Title : Gasification of solid wastes for high-purity hydrogen and syngas production with CO2 capture
Abstract:
To mitigate the escalating challenges posed by global warming, it is imperative to transition from the predominant use of fossil fuels to sustainable alternatives. Gasification of carbonaceous wastes presents a promising solution by converting waste into gas products, hydrogen (H2) and syngas. H2 serves as a clean energy carrier, while syngas acts as a key feedstock for synthesizing valuable chemicals. However, conventional steam gasification requires significant water and energy inputs to enhance H2 production, thus increasing costs and CO2 emissions.
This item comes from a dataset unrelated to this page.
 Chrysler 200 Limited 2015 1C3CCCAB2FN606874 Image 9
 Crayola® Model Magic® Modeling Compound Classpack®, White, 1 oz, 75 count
In this research, we propose an in-situ steam gasification of biosolids, utilizing its self-contained moisture and earth-abundant calcium-oxide (CaO) as efficient CO2 adsorbent and catalyst. This approach demonstrates comparable performance to conventional steam gasification process by consuming a large amount of fresh water and energy for generating steam. It yields high-purity H2 (70.2 vol%) in Stage 1 and syngas (93.3 vol%) in Stage 2. The molar ratio of H2 to CO in Stage 2 was 2.0, an optimal composition of syngas to be directly used as feedstocks for downstream processing. Additionally, the low-energy content of biosolids was compensated by introducing waste plastics as a co-gasification feedstock. When the plastic/biosolid blend ratio is 1:6, a highest syngas yield of 500 NmL/gdry waste and a highest energy recovery efficiency of 43.5% is achieved. Furthermore, by introducing CO2 into a Stage 3, an additional CO production up to 147 NmL/gdry waste was obtained when the CO2 concentration was 25 vol%, confirming that captured CO2 can be utilized as an efficient gasification agent for maximizing carbon conversion. This novel process not only enhances the energy recovery efficiency from solid wastes but also contributes to negative net CO2 emissions in waste gasification.